Ene, haddizatında bir hava, bir buhar gibi iken, verilen ehemmiyete göre mâyi haline gelir. Sonra ülfetle kalınlaşır. Sonra gaflet ve isyan ile öyle kalınlaşır ki, sahibini yutar. Halkı, esbabı da kendisine kıyas ederek Hâlıkın evâmirine mübarezeye başlar. Küçük âlemde, yani insandaene, büyük insanda, yani kâinatta tabiata benziyor. İkisi de tâğutlardandır.
Mesnevi-i Nuriye - s.262
Bediüzzaman Said Nursi Hazretlerinin tabiriyle, üzerinde durduğu 2 tağuttan birisi insandaki ene, diğeri ise kainatta tabiattır. Ene, insanın, Rabbinin vasıflarını anlayabilmesi için bir ölçüdür. Yani gaflet arız olmadan mahiyetine baktığında her şeyi Rabbinden bilir. Gaflet nazarıyla ona baktığında, ona ehemmiyet verdiğinde ise, zamanla şişer ve bir nevi uluhiyet dava eder. "Herşey benim, ben yapabiliyorum, benim malım, benim gücüm" gibi yani her şeyi artık "ben" eksenli olur. Firavun, Nemrut gibi Hakka karşı meydan okumaya başlar.

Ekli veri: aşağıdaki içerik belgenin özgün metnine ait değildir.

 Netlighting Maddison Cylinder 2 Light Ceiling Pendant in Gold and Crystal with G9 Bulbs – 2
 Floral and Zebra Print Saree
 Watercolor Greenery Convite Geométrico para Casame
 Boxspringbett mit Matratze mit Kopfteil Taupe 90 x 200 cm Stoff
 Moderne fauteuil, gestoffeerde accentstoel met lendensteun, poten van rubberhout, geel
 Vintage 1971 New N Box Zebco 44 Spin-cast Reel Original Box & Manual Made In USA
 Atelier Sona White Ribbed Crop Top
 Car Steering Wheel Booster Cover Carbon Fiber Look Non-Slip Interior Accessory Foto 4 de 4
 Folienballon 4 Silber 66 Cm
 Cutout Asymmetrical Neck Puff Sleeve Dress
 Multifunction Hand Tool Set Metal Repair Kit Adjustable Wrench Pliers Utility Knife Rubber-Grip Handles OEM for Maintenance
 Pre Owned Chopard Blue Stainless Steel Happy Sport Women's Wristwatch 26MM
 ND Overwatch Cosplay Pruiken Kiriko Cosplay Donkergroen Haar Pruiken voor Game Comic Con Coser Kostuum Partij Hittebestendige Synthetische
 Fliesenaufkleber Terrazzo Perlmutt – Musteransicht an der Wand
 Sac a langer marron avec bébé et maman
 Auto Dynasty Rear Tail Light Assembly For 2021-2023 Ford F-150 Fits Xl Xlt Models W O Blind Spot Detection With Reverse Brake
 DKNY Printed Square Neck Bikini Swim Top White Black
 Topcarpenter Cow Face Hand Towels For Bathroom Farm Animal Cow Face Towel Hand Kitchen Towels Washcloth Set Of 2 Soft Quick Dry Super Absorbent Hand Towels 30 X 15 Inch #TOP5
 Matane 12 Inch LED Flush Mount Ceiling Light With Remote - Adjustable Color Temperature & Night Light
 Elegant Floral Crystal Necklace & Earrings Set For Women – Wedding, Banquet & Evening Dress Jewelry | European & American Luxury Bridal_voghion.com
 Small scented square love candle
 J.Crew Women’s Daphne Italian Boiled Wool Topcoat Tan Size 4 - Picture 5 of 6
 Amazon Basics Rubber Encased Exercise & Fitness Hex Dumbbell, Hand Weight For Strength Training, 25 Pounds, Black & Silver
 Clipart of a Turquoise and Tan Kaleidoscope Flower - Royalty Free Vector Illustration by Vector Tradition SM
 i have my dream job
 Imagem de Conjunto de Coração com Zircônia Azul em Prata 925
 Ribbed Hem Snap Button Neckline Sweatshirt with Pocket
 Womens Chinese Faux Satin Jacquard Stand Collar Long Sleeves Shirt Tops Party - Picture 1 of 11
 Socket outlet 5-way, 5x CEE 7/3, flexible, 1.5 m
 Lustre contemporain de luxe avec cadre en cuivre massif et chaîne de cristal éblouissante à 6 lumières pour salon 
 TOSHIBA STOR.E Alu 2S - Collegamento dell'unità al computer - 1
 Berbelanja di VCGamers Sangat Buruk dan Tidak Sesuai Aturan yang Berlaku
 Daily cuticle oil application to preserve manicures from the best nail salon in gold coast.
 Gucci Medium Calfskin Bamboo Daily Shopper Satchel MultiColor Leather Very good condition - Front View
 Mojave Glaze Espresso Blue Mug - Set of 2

İkinci tağut ise tabiattır; Son yüzyıllarda atom, elektron, proton gibi maddelerin inceleme imkanına sahip olan bir takım insanlar, maddede boğulmuşlar, onlara fail nazarıyla bakmış, yaratılan her şeyi onlardan bilmişlerdir, yani kanunu kanun koyucu olarak görmüşlerdir. İnsanların bu yönde inançlarına tesir etmişlerdir. Bu sürecin sonunda ise tabiat felsefesi neredeyse dünyanın her yerinde etkisini göstermiştir. Bugün her ne kadar halen etkileri varsa da, her geçen gün tesiri azalmaktadır. Risale-i Nur Tabiat Risalesi ve benzer Risalelerle, tabiatın yaratıcı değil, yaratılan olduğunu, sanatkar değil, sanat olduğunu, katip değil bir kitap olduğunu iki kere iki dört eder derecesinde ispatlamıştır.